• **Data extract**:
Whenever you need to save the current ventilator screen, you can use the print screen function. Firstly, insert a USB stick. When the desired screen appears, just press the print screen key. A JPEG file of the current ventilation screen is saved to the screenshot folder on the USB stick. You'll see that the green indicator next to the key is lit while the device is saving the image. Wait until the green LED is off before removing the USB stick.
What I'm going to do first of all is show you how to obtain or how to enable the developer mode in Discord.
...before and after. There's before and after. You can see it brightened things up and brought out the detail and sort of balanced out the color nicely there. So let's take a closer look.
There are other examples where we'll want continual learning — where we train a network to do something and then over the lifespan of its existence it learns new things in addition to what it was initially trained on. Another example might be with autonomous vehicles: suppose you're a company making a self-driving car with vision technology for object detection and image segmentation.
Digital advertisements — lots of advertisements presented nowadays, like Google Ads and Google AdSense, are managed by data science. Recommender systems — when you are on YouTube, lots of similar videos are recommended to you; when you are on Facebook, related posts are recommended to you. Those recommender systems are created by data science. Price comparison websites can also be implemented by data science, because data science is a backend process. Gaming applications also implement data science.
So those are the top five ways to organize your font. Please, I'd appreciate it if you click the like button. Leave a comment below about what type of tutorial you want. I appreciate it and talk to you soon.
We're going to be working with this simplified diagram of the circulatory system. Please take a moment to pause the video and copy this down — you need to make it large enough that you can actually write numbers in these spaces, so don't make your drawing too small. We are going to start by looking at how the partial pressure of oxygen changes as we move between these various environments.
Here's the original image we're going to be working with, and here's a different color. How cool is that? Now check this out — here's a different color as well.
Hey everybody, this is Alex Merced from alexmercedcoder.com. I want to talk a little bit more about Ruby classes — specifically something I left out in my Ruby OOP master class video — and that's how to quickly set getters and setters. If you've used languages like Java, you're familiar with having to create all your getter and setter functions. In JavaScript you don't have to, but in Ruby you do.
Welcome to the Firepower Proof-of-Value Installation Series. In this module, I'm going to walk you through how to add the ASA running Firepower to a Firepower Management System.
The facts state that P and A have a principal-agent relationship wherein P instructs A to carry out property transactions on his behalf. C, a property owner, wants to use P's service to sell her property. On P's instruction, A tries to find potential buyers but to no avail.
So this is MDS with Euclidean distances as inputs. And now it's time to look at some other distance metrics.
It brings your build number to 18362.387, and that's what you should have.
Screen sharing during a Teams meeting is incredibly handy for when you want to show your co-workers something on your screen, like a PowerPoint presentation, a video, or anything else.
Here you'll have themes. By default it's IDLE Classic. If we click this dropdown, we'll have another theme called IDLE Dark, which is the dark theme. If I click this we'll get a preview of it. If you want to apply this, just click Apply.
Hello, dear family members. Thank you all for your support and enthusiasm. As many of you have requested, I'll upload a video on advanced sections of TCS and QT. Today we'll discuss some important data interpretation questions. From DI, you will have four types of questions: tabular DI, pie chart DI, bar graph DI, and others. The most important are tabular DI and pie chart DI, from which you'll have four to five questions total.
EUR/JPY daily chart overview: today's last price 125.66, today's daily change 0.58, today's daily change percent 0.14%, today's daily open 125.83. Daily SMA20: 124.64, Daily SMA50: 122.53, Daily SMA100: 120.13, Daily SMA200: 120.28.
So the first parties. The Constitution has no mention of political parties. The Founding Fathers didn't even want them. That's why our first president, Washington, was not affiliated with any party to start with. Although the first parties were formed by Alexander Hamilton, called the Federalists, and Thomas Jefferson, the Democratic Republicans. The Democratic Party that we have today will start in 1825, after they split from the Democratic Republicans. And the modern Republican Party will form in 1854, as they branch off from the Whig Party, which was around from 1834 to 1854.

• **Work required**:
Line by line, output the listing above without alteration.

• **Completed task**:
Whenever you need to save the current ventilator screen, you can use the print screen function. Firstly, insert a USB stick. When the desired screen appears, just press the print screen key. A JPEG file of the current ventilation screen is saved to the screenshot folder on the USB stick. You'll see that the green indicator next to the key is lit while the device is saving the image. Wait until the green LED is off before removing the USB stick.
What I'm going to do first of all is show you how to obtain or how to enable the developer mode in Discord.
...before and after. There's before and after. You can see it brightened things up and brought out the detail and sort of balanced out the color nicely there. So let's take a closer look.
There are other examples where we'll want continual learning — where we train a network to do something and then over the lifespan of its existence it learns new things in addition to what it was initially trained on. Another example might be with autonomous vehicles: suppose you're a company making a self-driving car with vision technology for object detection and image segmentation.
Digital advertisements — lots of advertisements presented nowadays, like Google Ads and Google AdSense, are managed by data science. Recommender systems — when you are on YouTube, lots of similar videos are recommended to you; when you are on Facebook, related posts are recommended to you. Those recommender systems are created by data science. Price comparison websites can also be implemented by data science, because data science is a backend process. Gaming applications also implement data science.
So those are the top five ways to organize your font. Please, I'd appreciate it if you click the like button. Leave a comment below about what type of tutorial you want. I appreciate it and talk to you soon.
We're going to be working with this simplified diagram of the circulatory system. Please take a moment to pause the video and copy this down — you need to make it large enough that you can actually write numbers in these spaces, so don't make your drawing too small. We are going to start by looking at how the partial pressure of oxygen changes as we move between these various environments.
Here's the original image we're going to be working with, and here's a different color. How cool is that? Now check this out — here's a different color as well.
Hey everybody, this is Alex Merced from alexmercedcoder.com. I want to talk a little bit more about Ruby classes — specifically something I left out in my Ruby OOP master class video — and that's how to quickly set getters and setters. If you've used languages like Java, you're familiar with having to create all your getter and setter functions. In JavaScript you don't have to, but in Ruby you do.
Welcome to the Firepower Proof-of-Value Installation Series. In this module, I'm going to walk you through how to add the ASA running Firepower to a Firepower Management System.
The facts state that P and A have a principal-agent relationship wherein P instructs A to carry out property transactions on his behalf. C, a property owner, wants to use P's service to sell her property. On P's instruction, A tries to find potential buyers but to no avail.
So this is MDS with Euclidean distances as inputs. And now it's time to look at some other distance metrics.
It brings your build number to 18362.387, and that's what you should have.
Screen sharing during a Teams meeting is incredibly handy for when you want to show your co-workers something on your screen, like a PowerPoint presentation, a video, or anything else.
Here you'll have themes. By default it's IDLE Classic. If we click this dropdown, we'll have another theme called IDLE Dark, which is the dark theme. If I click this we'll get a preview of it. If you want to apply this, just click Apply.
Hello, dear family members. Thank you all for your support and enthusiasm. As many of you have requested, I'll upload a video on advanced sections of TCS and QT. Today we'll discuss some important data interpretation questions. From DI, you will have four types of questions: tabular DI, pie chart DI, bar graph DI, and others. The most important are tabular DI and pie chart DI, from which you'll have four to five questions total.
EUR/JPY daily chart overview: today's last price 125.66, today's daily change 0.58, today's daily change percent 0.14%, today's daily open 125.83. Daily SMA20: 124.64, Daily SMA50: 122.53, Daily SMA100: 120.13, Daily SMA200: 120.28.
So the first parties. The Constitution has no mention of political parties. The Founding Fathers didn't even want them. That's why our first president, Washington, was not affiliated with any party to start with. Although the first parties were formed by Alexander Hamilton, called the Federalists, and Thomas Jefferson, the Democratic Republicans. The Democratic Party that we have today will start in 1825, after they split from the Democratic Republicans. And the modern Republican Party will form in 1854, as they branch off from the Whig Party, which was around from 1834 to 1854.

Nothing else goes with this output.